To implement QDs as an efficient nanoscale-targeted imaging agent for in vitro or in vivo bioimaging, they need to be conjugated with specific biorecognition molecules (e.g., nucleic acids, proteins, and antibodies) [4850]. We chose the ssDNA aptamer AS1411 over nucleolin in order to develop QD bioconjugates. The high-level expression of nucleolin is correlated with the proliferative status of cells, and nucleolin levels are higher in tumors and actively dividing cells. AS-1411 is the first ssDNA aptamer to reach phase I and II clinical trials for the targeting and treatment of cancers such as gliomas, myelomas, and lymphomas. AS-1411 can bind to nucleolin specifically and is subsequently internalized into the tumor cell [51, 52].

In the current study, we investigated the potential of the Apt-QDs complex for targeting and bioimaging cancer cells. For this reason, the binding ability of the Apt-QDs to U87MG glioblastoma cells was first evaluated. As shown in Fig. 11a, the U87MG glioblastoma cells incubated with Apt-QDs exhibited a strong green color that could not be washed away. This suggests that the Apt-QDs were able to bind to the U87MG glioblastoma cells with high binding affinity. These data are in agreement with previous reports [53]. Conversely, free QDs cannot bind with U87MG glioblastoma cells (Fig. 11b, d), indicating that the cell surface of nucleolin interacts with U87MG but not with free QDs at 4 °C. The obtained results confirmed that the Apt-QDs complex can target U87MG glioblastoma cells with high affinity and specificity.

Fig. 11
figure 11

In vitro staining of human glioblastoma U87MG cells using AS1411-aptamer-conjugated QDs nanoprobe. a and c Microscopy images of cells with Apt-QDs under fluorescent and bright field, respectively. b and d Microscopy images of cells with free QDs under fluorescent and bright field, respectively

Conclusions

We successfully synthesized high-quality MSA-capped CdTe QDs through a simple and reliable microwave-assisted reduction route that uses air-stable sodium tellurite as the Te source and cadmium chloride as the Cd source. The application of a buffer with good buffering capacity over a broad pH range as a reaction medium is crucial to synthesize CdTe QDs with high fluorescence strength. By varying the pH of the precursor buffer between 5 and 8 and the reaction time between 10 and 60 min at 100 °C under microwave irradiation, CdTe QDs with four colors were prepared in less than one hour without prolonging the reaction time over hours or increasing the reaction temperature.
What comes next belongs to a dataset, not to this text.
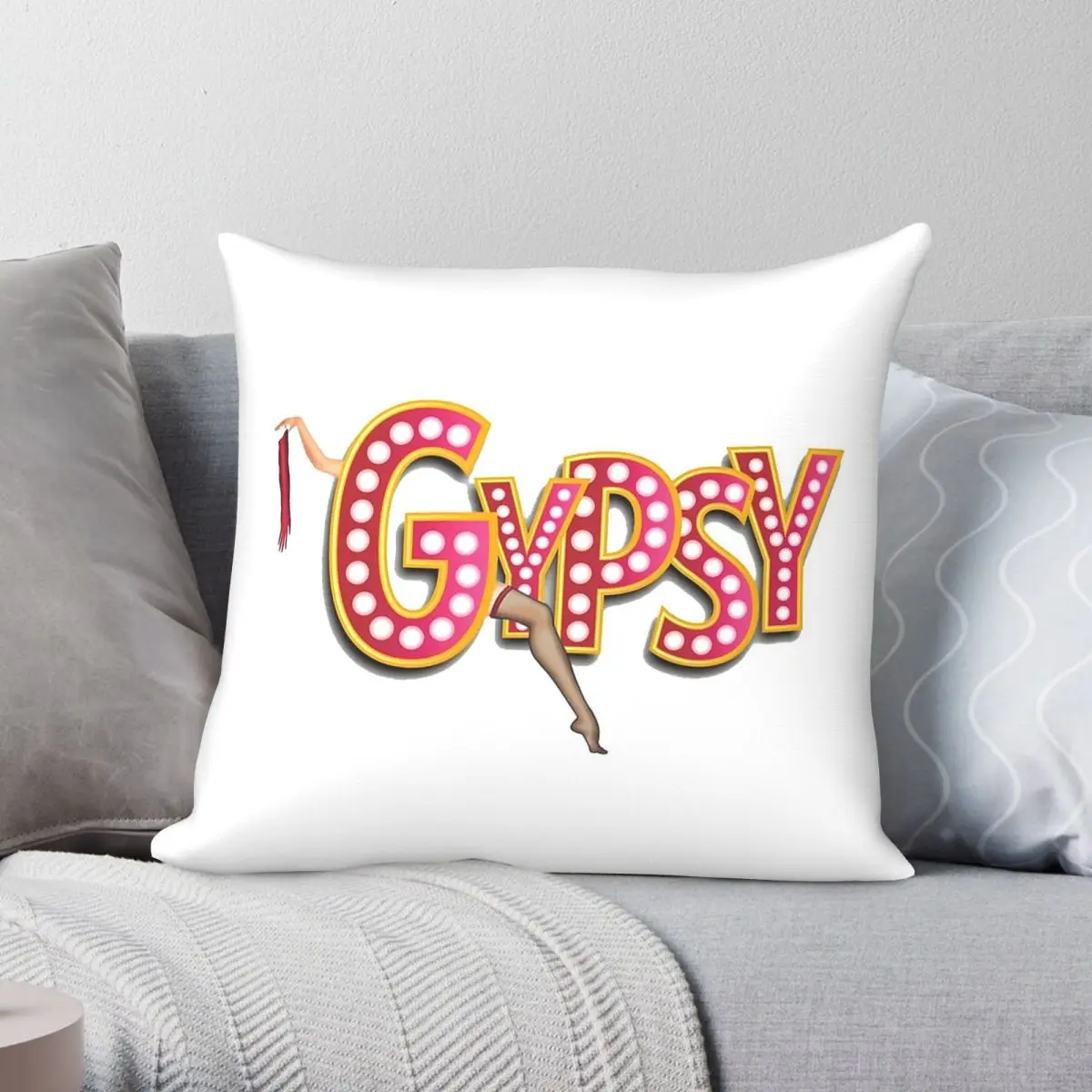 Gipsy Musical Logo Square Pillowcase Polyester Linen Velvet Printed Zip Decorative Pillow Case Bed Cushion Cover 45x45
In the current study, by selecting MSA, MSA-capped CdTe QDs were synthesized at a low pH (5–8) and with a high QY of up to 87 %. In contrast to other thiol-capping agents, including MPA, TGA, cystamine, or GSH, which preserve the ability at a basic pH of >8, MSA can functionalize the surface of CdTe QDs at lower pH values (<8). Since the reducing capability of NaBH4 enhances at low pH values (5–8), the reduction rate of TeO3 2− to Te2− increases, ensuring facile formation of CdTe QDs. Thus, this method provides an easy and reliable route for the synthesis of high-fluorescence MSA-capped CdTe QDs of a very small size without the use of harsh experimental conditions generally employed in previously reported methods. Moreover, the synthesized CdTe QDs exhibited excellent stability as their fluorescence intensity was maintained stable for two months when stored in the dark at 4 °C. Finally, we synthesized AS1411-aptamer-conjugated QDs and successfully developed a class of Apt-conjugated nanoprobes that could bind with human glioblastoma U87MG cells and exhibited in vitro molecular imaging with high fluorescence strength and specificity.